My father requests that I no longer call him ‘Daddy’. You need to grow up, he says, and I need to move on.

            Suzanne is a bad influence. I am no longer allowed to see her, at least for a little while.

            None of this can be mentioned to [my siblings].

Things that do not happen from therapy:

My father is not reported.

My father is not reported.

My father is not reported.

It takes me a long time to accept – years, and many therapists later – that in this, my first encounter with therapy, I am fundamentally betrayed: my father does not take responsibility for his actions, and, as it turns out, never does, as if that one chance missed lets him off scot-free. As a consequence I am not protected, and nor, for that matter, is [my sister], who is 13 at the time. As a consequence I am completely flattened. If [my stepmother] in theory ‘knows’ now, if the therapists ‘know’, why does everything not fall apart? Is the abuse, after all, okay?

            My own unproven and unsubstantiated theory is that my father probably locates this practice precisely because he feels he can influence its members. After all, he has been able to manage every aspect of the story so far. He prevents any explosion, or any impact on any other part of our lives. We carry on. I speak of the abuse – lightly – in therapy, almost paralysed with dread. But it is not discussed much. Of more importance it seems is my relationship with Suzanne: is it real, am I really gay? The therapist seems fixated upon how I become involved with Suzanne, and I do not recall a single direct conversation about the abuse. I wonder if, after all that, she ever really believes me.

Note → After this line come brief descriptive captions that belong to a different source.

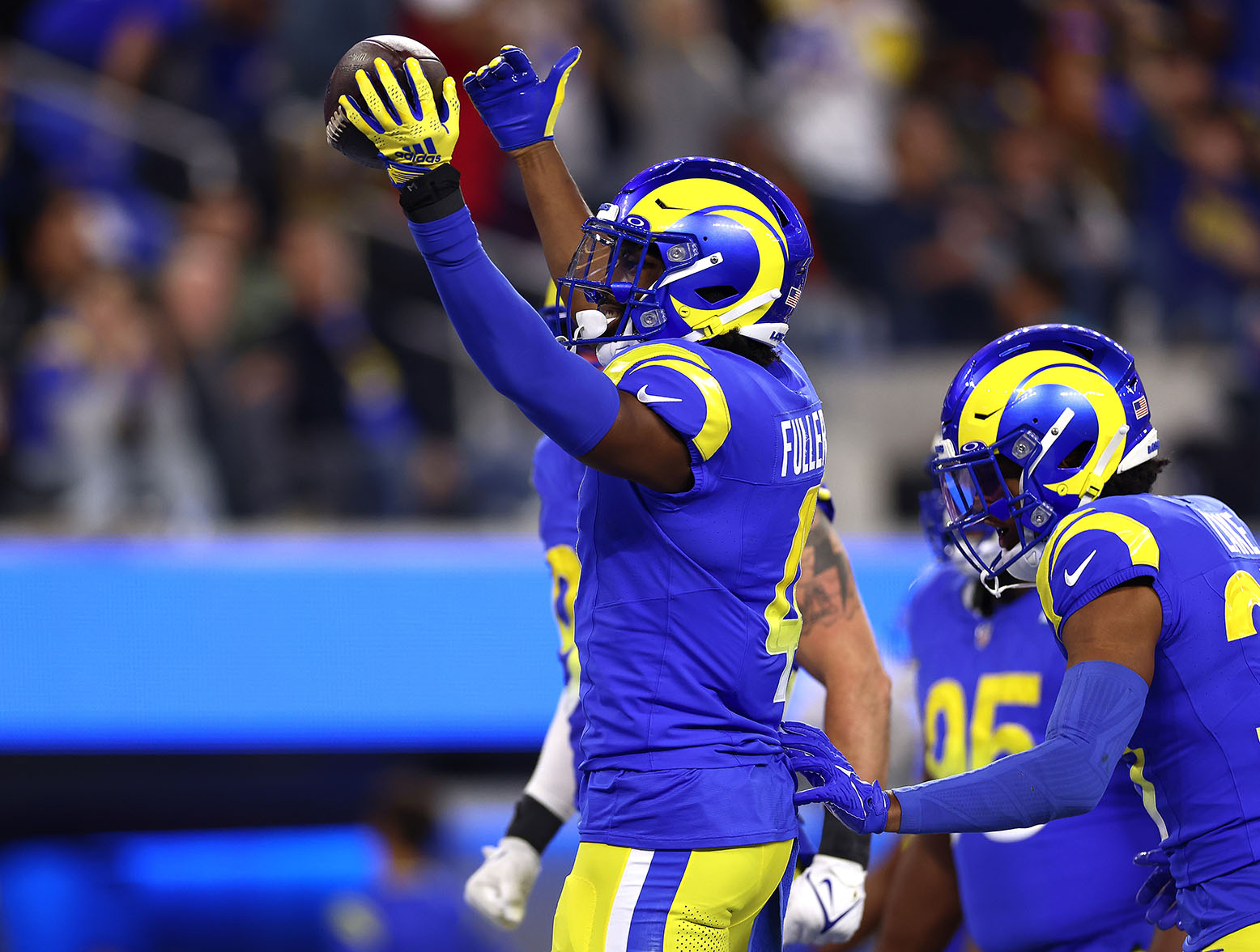 INGLEWOOD, CALIFORNIA - DECEMBER 21: Jordan Fuller #4 of the Los Angeles Rams celebrates with his teammates after intercepting a pass thrown by Derek Carr #4 of the New Orleans Saints during the third quarter of the game at SoFi Stadium on December 21, 2023 in Inglewood, California. (Photo by Katelyn Mulcahy/Getty Images)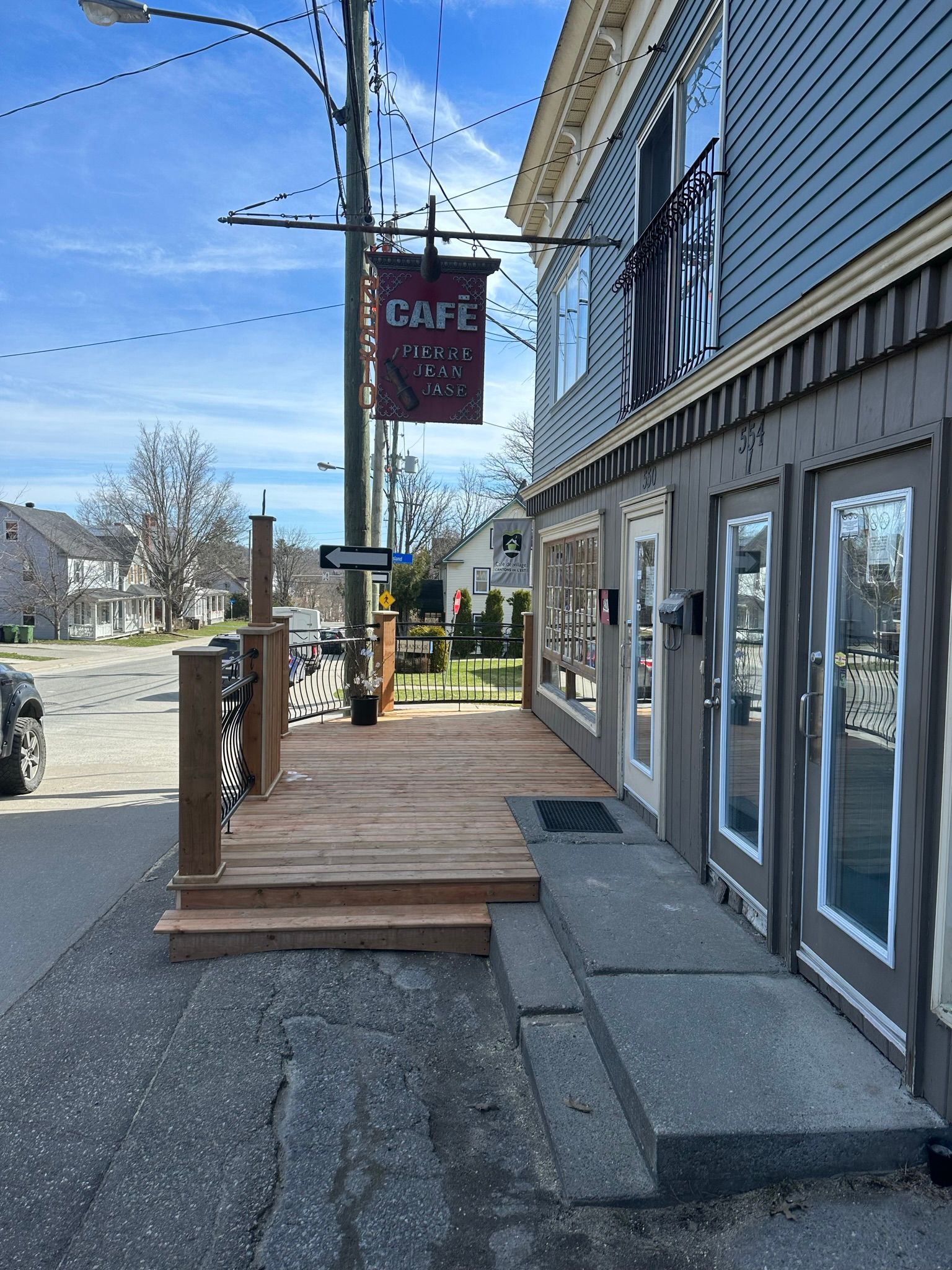 Façade de café avec terrasse en bois, rampe et enseigne suspendue par une journée ensoleillée.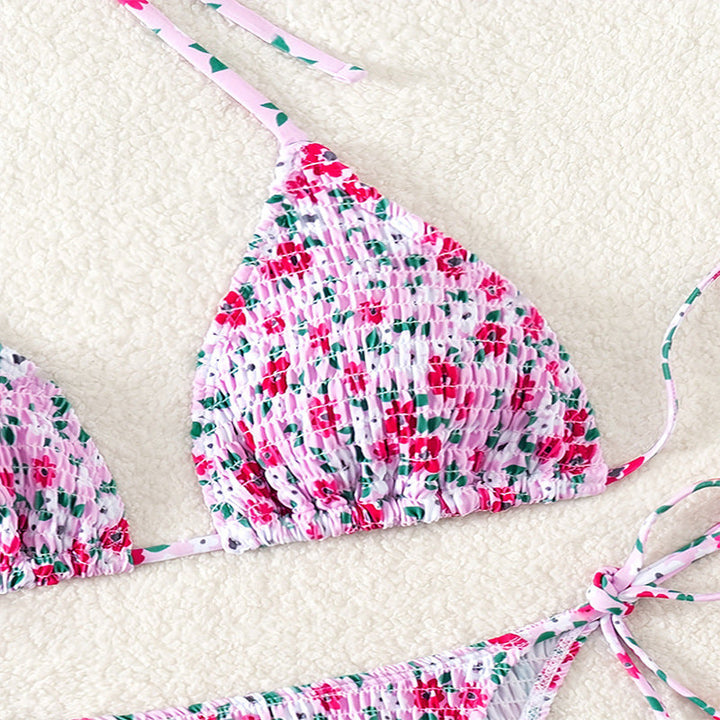 Elegant dambikini med blommönster, triangeltopp och rynkade sidor, för en chic look vid poolen.
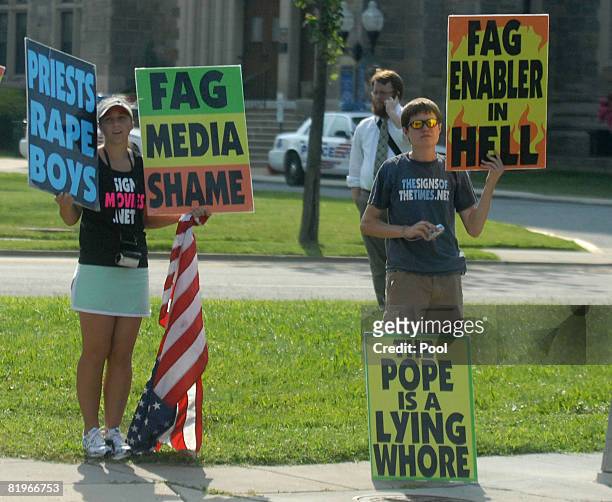 Members of the Westboro Baptist Church protest near the National Shrine of the Immaculate Conception where the funeral service for former White House...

            I know now that my father almost certainly mis-directed and orchestrated the whole thing, such that [my stepmother] and I never have an honest conversation, and most vitally, [my siblings] are told nothing. I know now too that the therapists at the practice actually break the law: in 1981 in Virginia, therapists are legally obliged to report sexual abuse to the Child Protective Services — which these don’t, because I am never interviewed, and anyway, nothing changes. I know now that this requirement to report to services is in place precisely because perpetrators are generally expert manipulators, and otherwise control the dynamics. Which is precisely what my father does.